In der anschließenden Free Agency passierte nahezu gar nichts. Lediglich der Vertrag von Forward Alan Williams wurde verlängert (3 Jahre/17 Millionen Dollar). Mike James, zuletzt bei Panathinaikos unterwegs, erhielt einen Two-Way Contract.

Leandro Barbosa (Ziel unbekannt) und Mike Scott (Wizards), deren Verträge ausgelaufen waren, werden künftig außerhalb der Wüste Arizonas ihr Geld verdienen. Eine Entscheidung bezüglich Alex Len (Restricted Free Agent) steht noch aus.

Deutlich schwerwiegendere Verträge wurden im Front Office unterzeichnet: Der (beim Besitzer Robert Sarver) nicht unumstrittene General Manager Ryan McDonough erhielt eine Vertragsverlängerung bis 2020 und bekam überraschend James Jones als einen neuen Berater an die Seite gestellt.
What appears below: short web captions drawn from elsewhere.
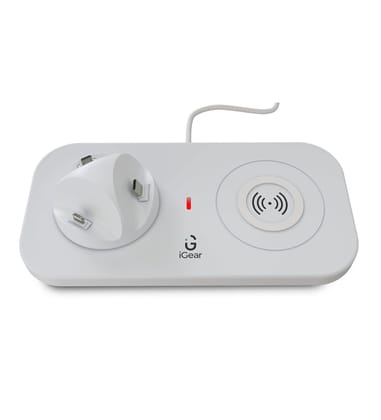 iGear DockMe 10W Fast Charging with Docking and 15W Wireless Charger, Android, iOS and Type-C Charging pins,(White) - 1 Year Free Replacement Warranty iGear DockMe 10W Fast Charging with Docking and 15W Wireless Charger, Android, iOS and Type-C Charging pins,(White) - 1 Year Free Replacement Warranty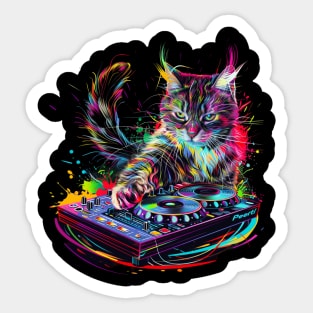 Cat DJ Loop Sticker
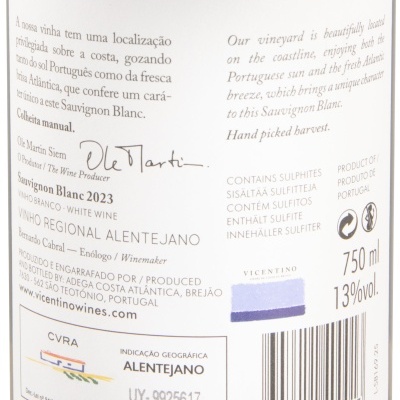Etiqueta de vinho branco Sauvignon Blanc 2023 com texto em português e inglês
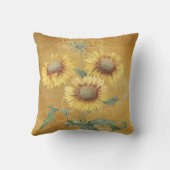 Vintag Gelbe Gaillardia Blume Kissen (Rückseite)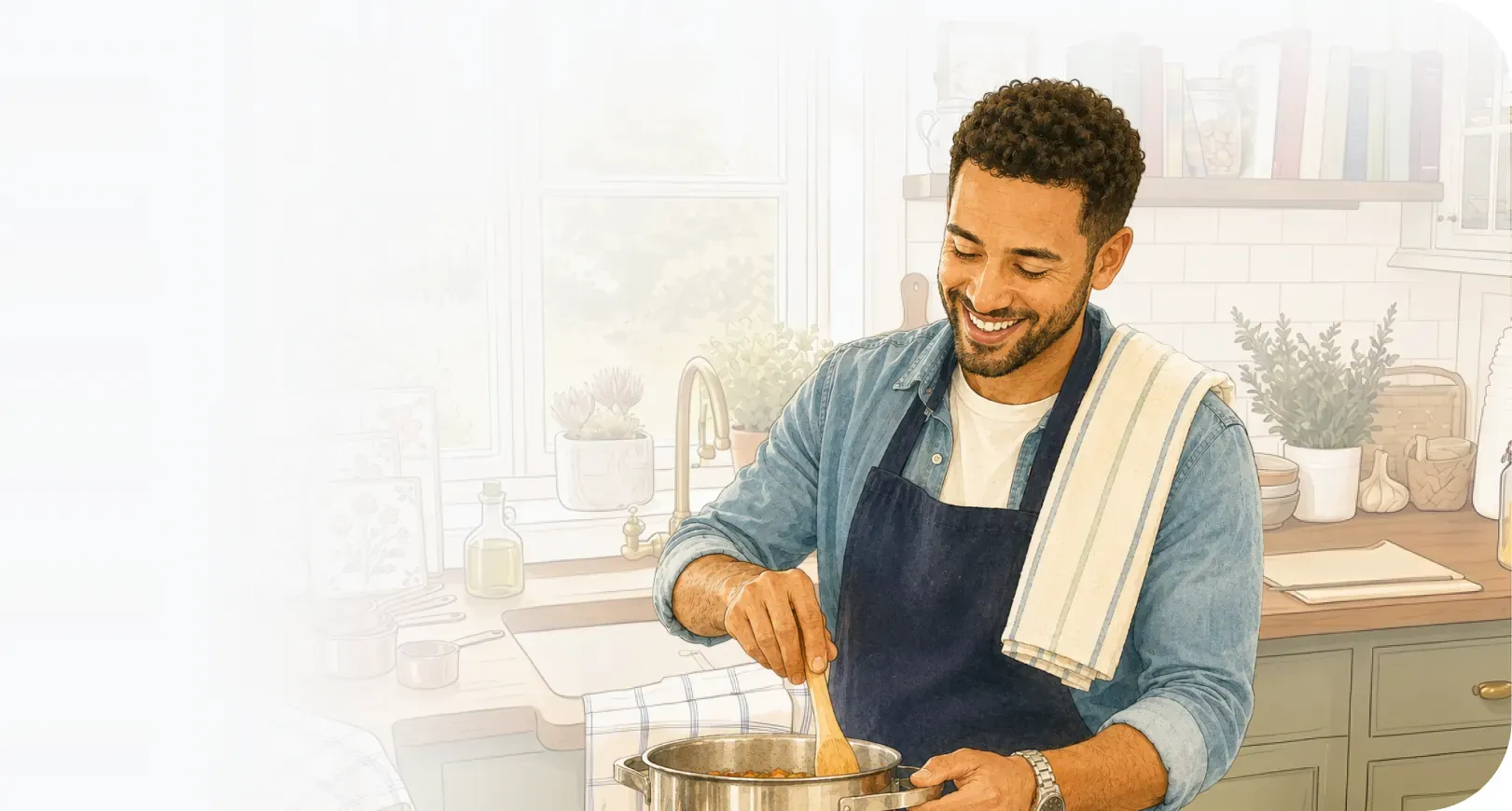 A cook stirring a pot in a home kitchen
Jones war bis zuletzt als Spieler aktiv und erreichte sieben Mal in Folge die Finals (Heat und Cavaliers). Einst spielte er bei den Suns.

Die Strategie der Phoenix Suns

"Ich habe gar keine andere Wahl, als geduldig zu sein", erklärte Suns-Besitzer Robert Sarver Ende Juli. Diese Aussage darf durchaus als Überraschung eingestuft werden, war er doch in den Jahren zuvor vor allem dadurch aufgefallen, ziemlich ungeduldig zu sein.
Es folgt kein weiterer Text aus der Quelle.